Christ Above All or The Integration of Faith, Values, and Learning: Toward an Epistemology of Belief (Part 6)

Christ Above All or The Integration of Faith, Values, and Learning: Toward an Epistemology of Belief (Part 6)

Since the Enlightenment some have felt that reason is primarily about skepticism.

Of course skepticism does have great value to the reasonable man. It helps us escape dogmatic slumber. It helps us avoid intellectual faddishness and frauds. Most importantly, it also helps the thinker frame useful questions. Fundamentally, it can induce a sense of intellectual interest or joy in the journey of discovery that would be impossible without a sense of questioning.

For all its virtues, skepticism is merely a tool in reason’s toolbox. By itself, it can assert nothing. Skepticism should, after all, be skeptical about the value of skepticism. It cannot move humanity forward by itself.

For humans to move forward intellectually, there will have to be positive belief.
To reasonably believe a thing is not to know it for certain, but to put provisional confidence (faith) in it proportionate to the desirability of the idea and the evidence for it.

The Christian has an advantage over the skeptic.
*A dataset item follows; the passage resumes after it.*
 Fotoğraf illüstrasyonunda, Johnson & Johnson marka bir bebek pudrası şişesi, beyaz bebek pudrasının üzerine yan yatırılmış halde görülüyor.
He assumes the world is a good place and that, even with the Fall, is goodness that is fundamental to reality and not evil. As a result, it is acceptable to believe a thing merely because you wish to do so, if it does any work at all in your worldview greater than the problems it causes. This is assuming there is no good reason to doubt it that overwhelms its benefits.

In this epistemological vision, skepticism guards us against kidding ourselves. We do run the risk of using it too little and becoming complacent or being cheated intellectually, however, the epistemological skeptic cannot consistently live out his epistemology at all. Better to run the risk of believing too much, than the danger of believing nothing at all. Better to trust the Bible too much, than to abandon it too quickly.

One good reason to be a creationist, even a young earth creationist, is the attractiveness of the idea on non-scientific grounds. In deciding the intellectual risks we want to take, we must measure the beauty of the account, what our religious experience tells us, the messages of those with prophetic and apostolic authority in the church, and the fruitfulness of the idea.

Bluntly a world with million of years of pain and suffering, even of animals, is much less beautiful than one without it. Our Victorian ancestors understood this well. We should be willing to live with a great deal of theoretical, scientific tension in order to avoid worsening the problem of evil.

No matter what ideas we adopt, we know that they will be provisional and prone to human error this side of the New Jerusalem. Revelation is certain, but our understanding of it is not. This combination of bold risk taking and epistemological humility is all too rare in my own life, but it is the ideal to which I strive. It is this way of thinking that I propose we place before our Christian students.

 


Based on a presentation at Loma Linda University and at the College at Saint Constantine.